Pizza has survived numerous “health food” crazes, including the carbohydrate-shunning Atkins diet, by creating lowercarb options—including crustless pizzas, if there can be such a thing—that still drove sales and drew devotees.
Also, amid the emergence of fast-casual concepts like RedBrick Pizza and zpizza, the humble pie got a chic makeover with healthful toppings sold at higher price points.
The pizza industry has even survived itself. No other segment has worked so hard to crush its own profits through price discounts. Market share used to be won on product or service, but price now is a common tipping point for many pizza customers.

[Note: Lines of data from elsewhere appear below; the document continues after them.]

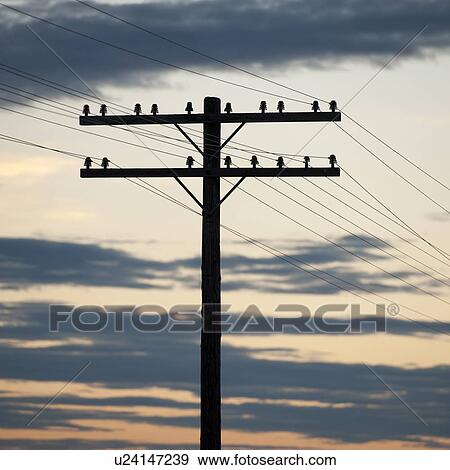 Hydro electric pole against the evening sky in Lake of the Woods, Ontario View Large Photo Image Stock Photo - Hydro electric pole against the evening sky in Lake of the Woods, Ontario. Fotosearch
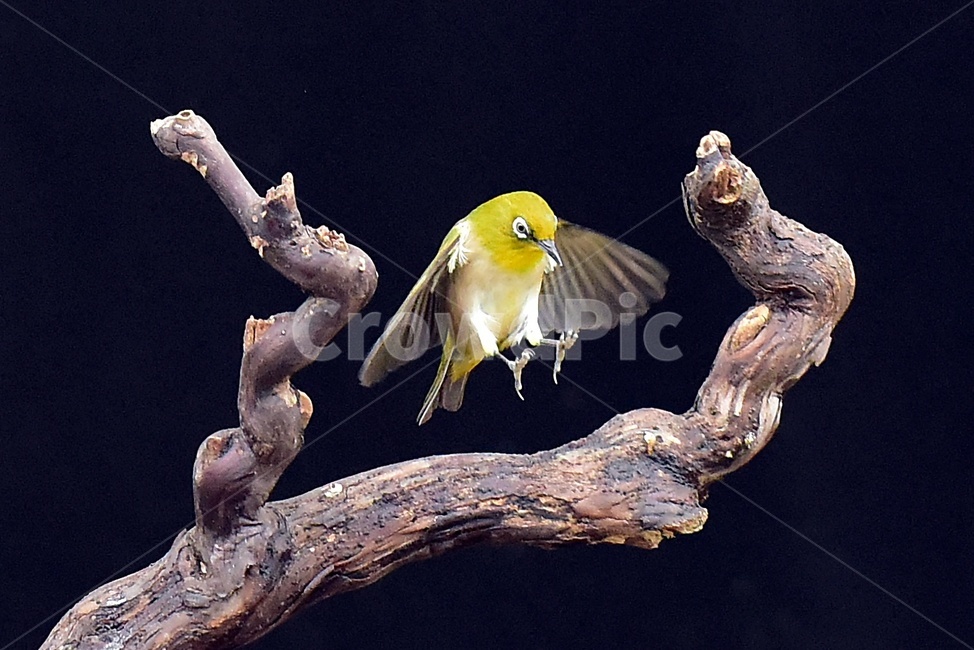 동박새,새,조류,동물,휴식,철새,동물,animal,조류,새,birds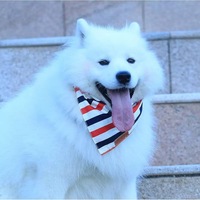 Bandana triangulaire pour animaux de compagnie (chats et chiens) en polyester, personnalisable avec logo imprimé, écologique, durable et doux, accessoire de festival de Noël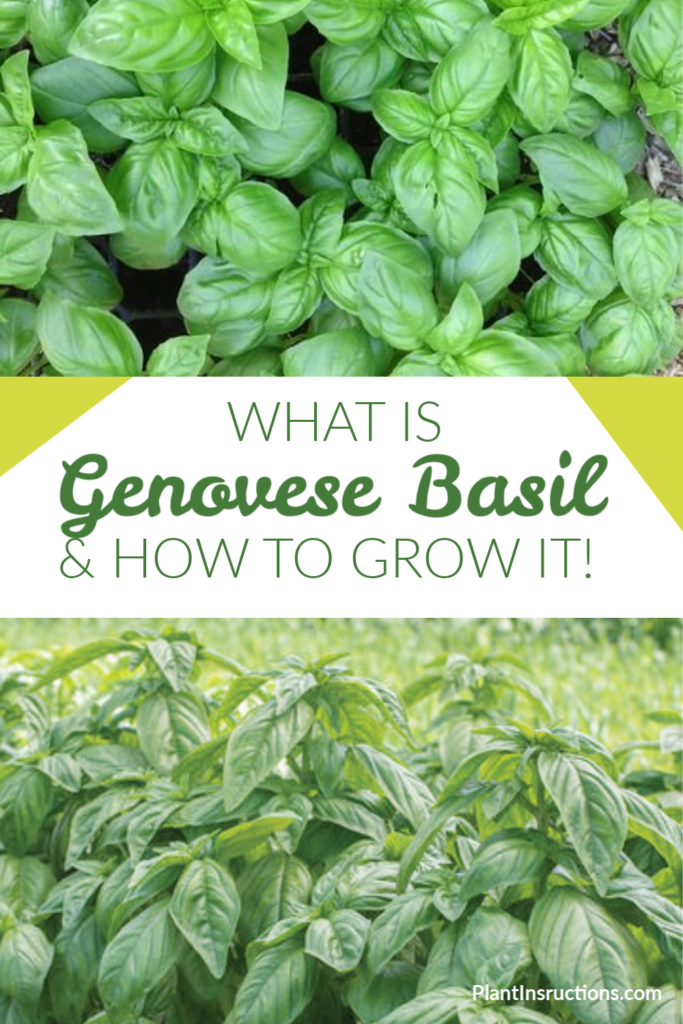 Genovese Basil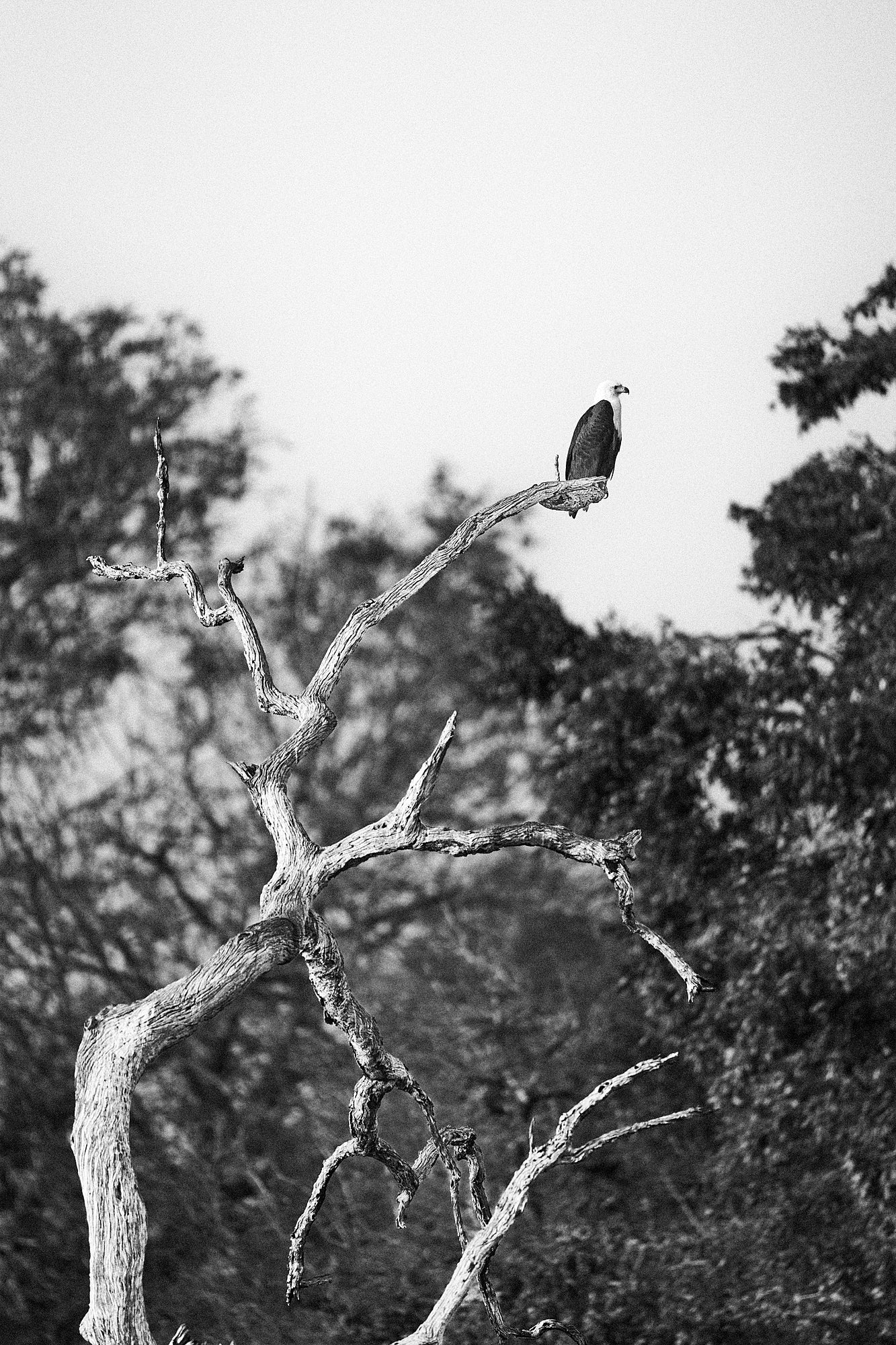 Wild Print 5: Wild Print 4: Black and White Photography Art Print A4.
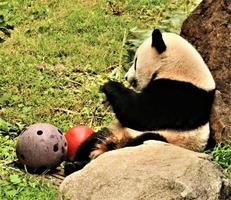 A close up of a Panda photo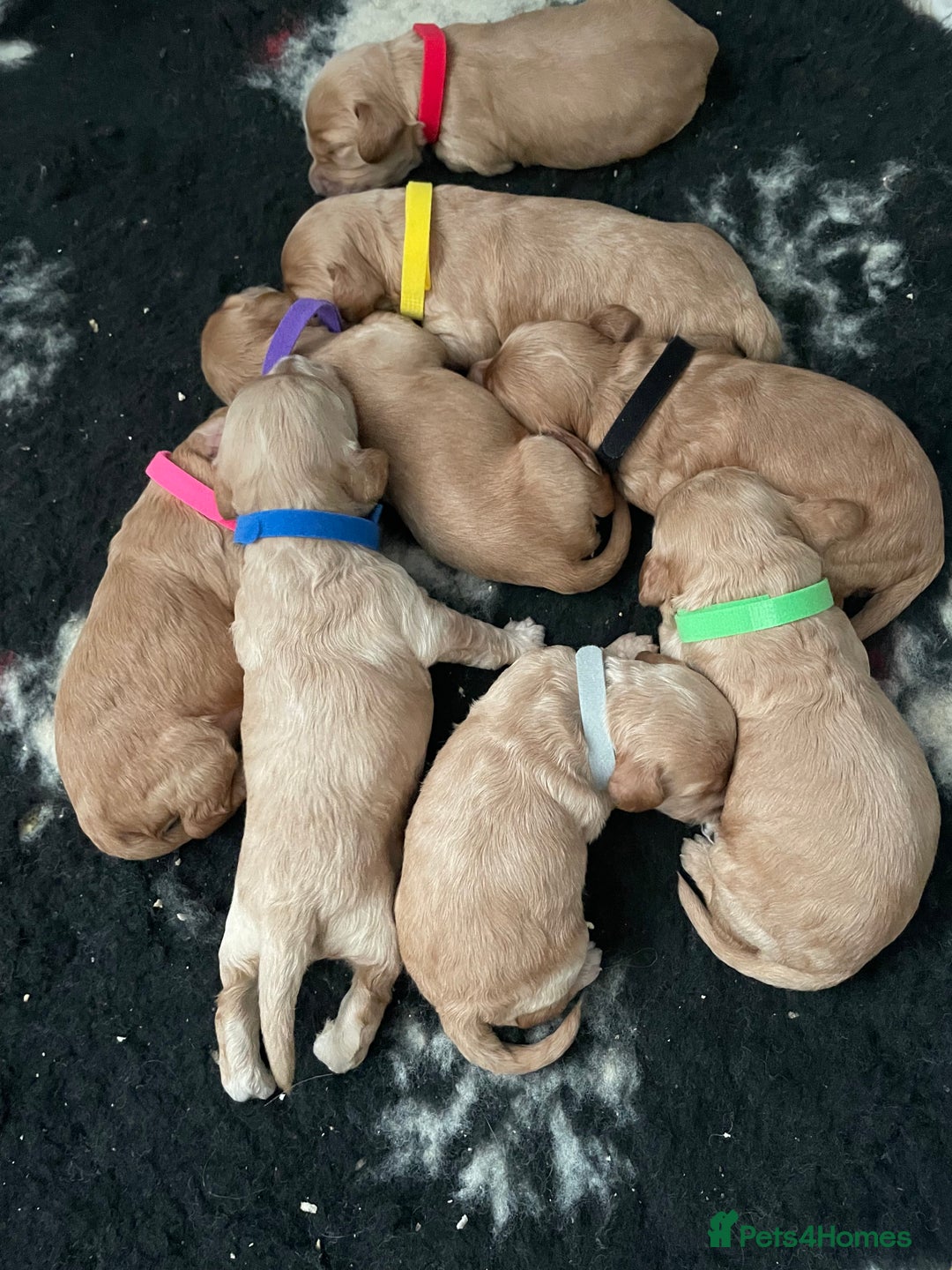 Cockapoo dogs for sale: Third Gen Cockapoos  - Image 2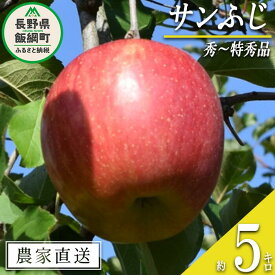【ふるさと納税】 りんご サンふじ 秀 〜 特秀 5kg 大垣農園 沖縄県への配送不可 令和7年度収穫分 長野県 飯綱町 〔 信州 果物 フルーツ リンゴ 林檎 長野 16000円 予約 農家直送 〕発送時期：2025年11月下旬〜2025年12月下旬 {***}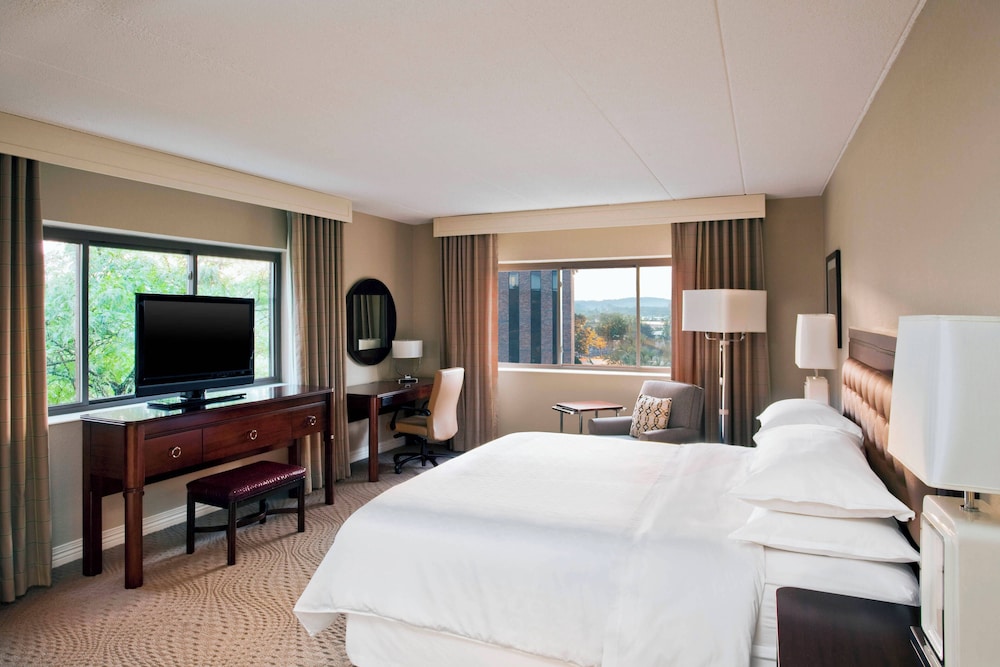 Traditional Room, 1 King Bed with Sofa bed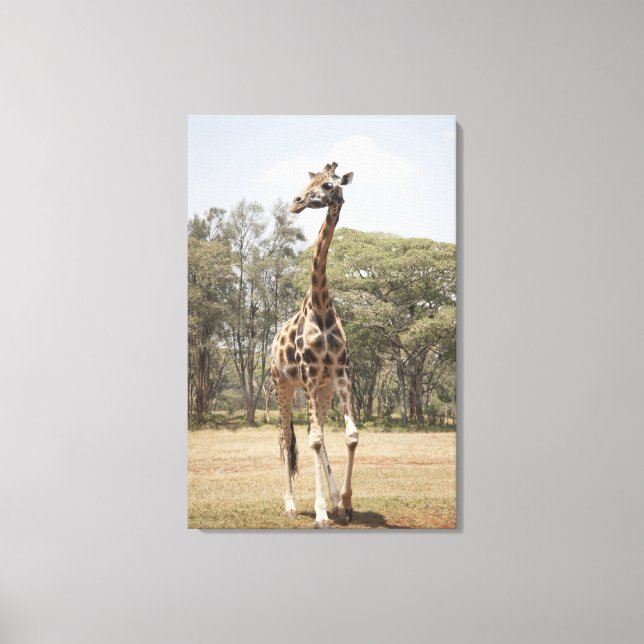 Giraffe 3 leinwanddruck (Vorderseite)
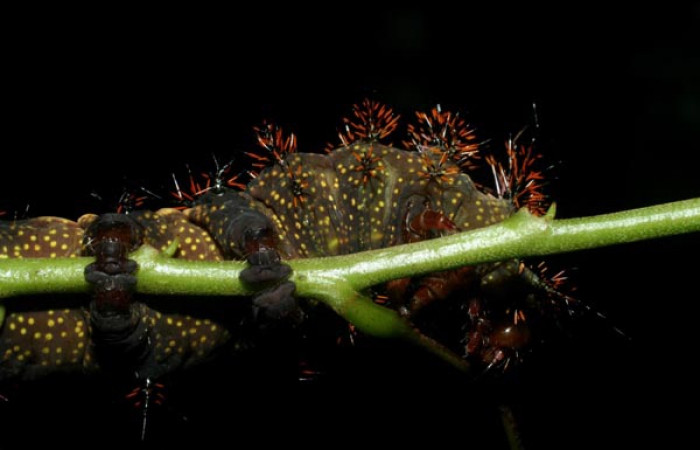 Figura 6. Larva <i>Automeris silkae</i></i> familia (saturniidae): En posición ventral mostrando manchas amarillos y patas verdaderas. Voucher 09-SRNP-36747-DHJ468089.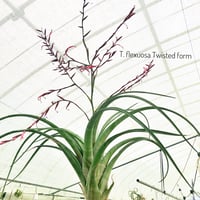 ブラキカウロス × キセログラフィカ 15号 | air-plants TENGU-DO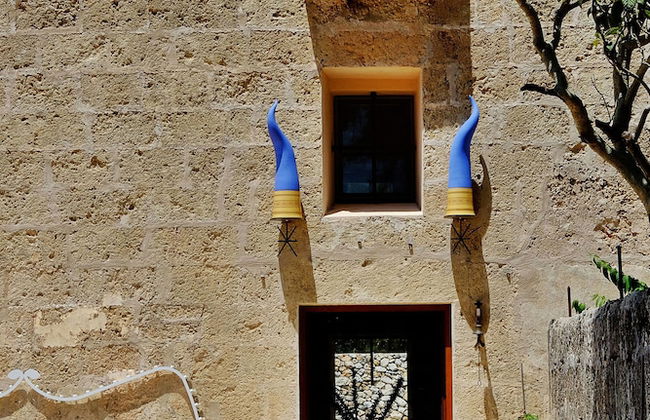 Biomasseria Muto - Foto 46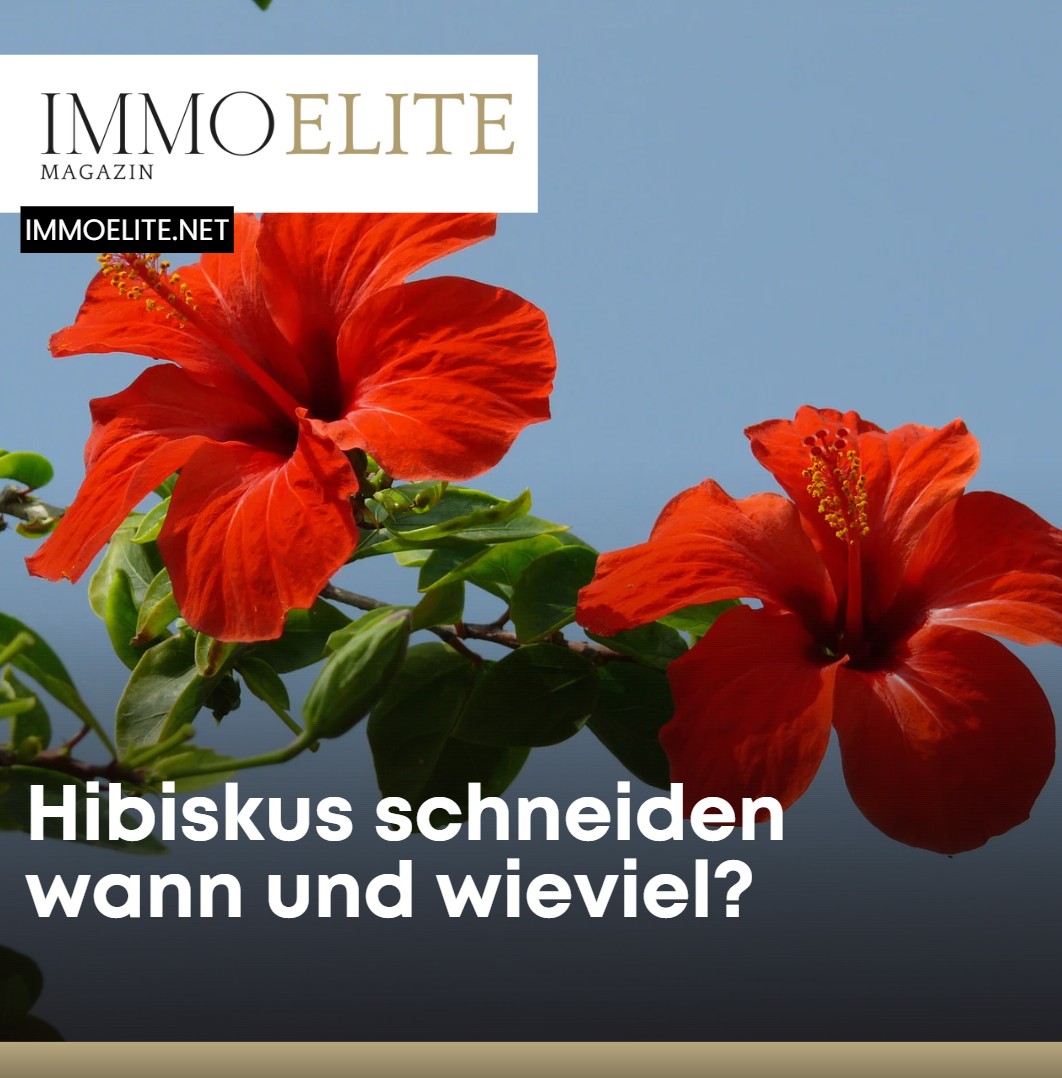 Hibiskus schneiden wann und wieviel zur Bltenpracht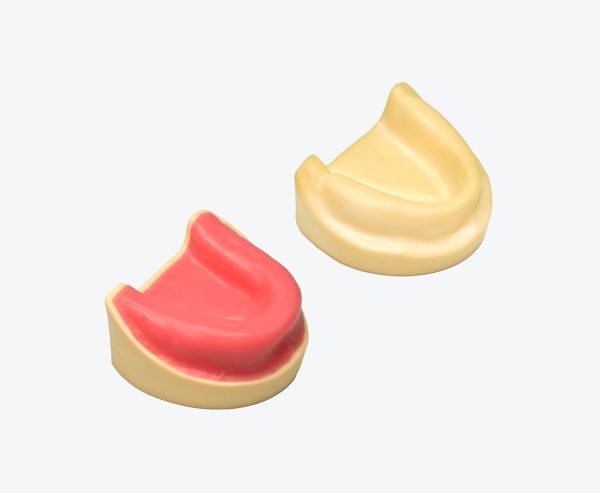 产品图片 19 Implant Maxillary edentate model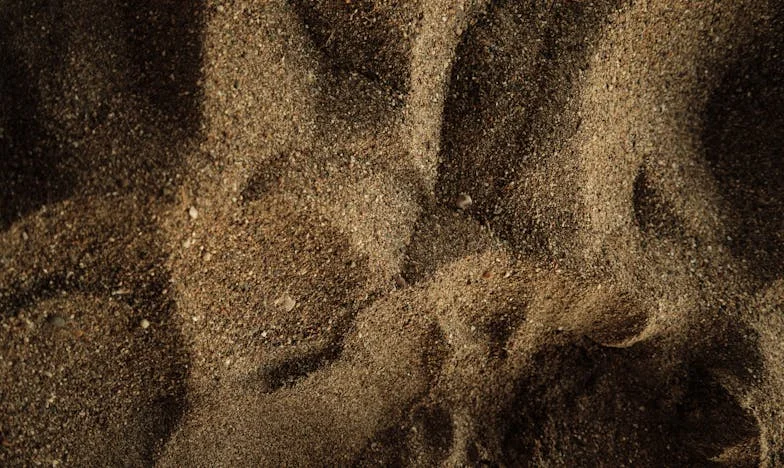 El día que volví sin avisar: una traición en mi propio hogar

While such price wars played into the hands of large chains with ample purchasing power and capital to sustain thinner margins, waves of cheap, predictable pies served to the masses helped spur an artisan pizza movement among independent operators.
Customers wait in line for hours in the Phoenix sun to taste impossibly thin woodfired pies made at Pizzeria Bianco, while at Una Pizza Napoletana in Manhattan, customers can’t seem to get enough of Anthony Mangieri’s three-pie menu.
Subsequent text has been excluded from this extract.